Debido a situaciones de vidas pasadas o actuales, a la enorme exigencia propia o cultural y/o a la agresión en su entorno o en redes sociales, muchos prefieren esconder estos dones a los otros (y hasta a sí mismos). Lo observo muy frecuentemente en pacientes y conocidos porque lo veo en mí misma: somos espejos. Vemos este mecanismo en los aspectos negativos, pero pocas veces nos damos cuenta de que funciona igualmente en los positivos, ya que los demás también nos reflejan la Luz que está velada dentro de nosotros.

Por distintos motivos, tiendo a invisibilizarme. Recientemente, comprendí los nexos entre esta y otras vidas, además de una cualidad que siempre me negué. No es que no lo supiera de antes (vamos vislumbrando a medida que podemos aceptarlo y sostenerlo), sino que se integró dentro de una síntesis muy actual. El efecto de esta revelación fue inmediato: surgieron situaciones instantáneamente sin que hiciera nada.
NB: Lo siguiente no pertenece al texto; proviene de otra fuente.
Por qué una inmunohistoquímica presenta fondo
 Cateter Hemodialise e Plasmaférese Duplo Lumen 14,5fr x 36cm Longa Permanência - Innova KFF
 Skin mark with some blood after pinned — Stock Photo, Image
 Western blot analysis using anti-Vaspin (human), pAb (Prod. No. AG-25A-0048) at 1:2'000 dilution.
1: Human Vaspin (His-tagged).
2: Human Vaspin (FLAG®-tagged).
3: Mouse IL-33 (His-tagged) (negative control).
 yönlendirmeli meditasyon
A esto me refería al comienzo: la quinta dimensión está aquí pero pocos la usan. Seguimos con los patrones antiguos (sufrimiento, esfuerzo, lucha, etc.) y no creemos que puede ser rápido y sencillo… luego de hacer la labor necesaria en nuestro interior. De esto último no se puede escapar. La adquisición de conocimiento intelectual o ciertas pautas físicas no la reemplaza, solamente ofrece un entorno adecuado, pero el rayo luminoso que nos atraviesa cuando verdaderamente conectamos es insustituible.
Mostrar nuestra originalidad es imprescindible en estos tiempos. No me refiero a ese constante narcisismo de las redes o a ser famoso, sino a brindar los dones de nuestra individualidad para la evolución de todos. Algunos tienen claro cuál es y otros lo deben conocer, pero es necesario dejar de ser las víctimas del sistema (sea cual sea) para plantarnos sobre nuestros pies terrenales, con la Luz iluminando nuestro camino y el de otros. Te acompaño.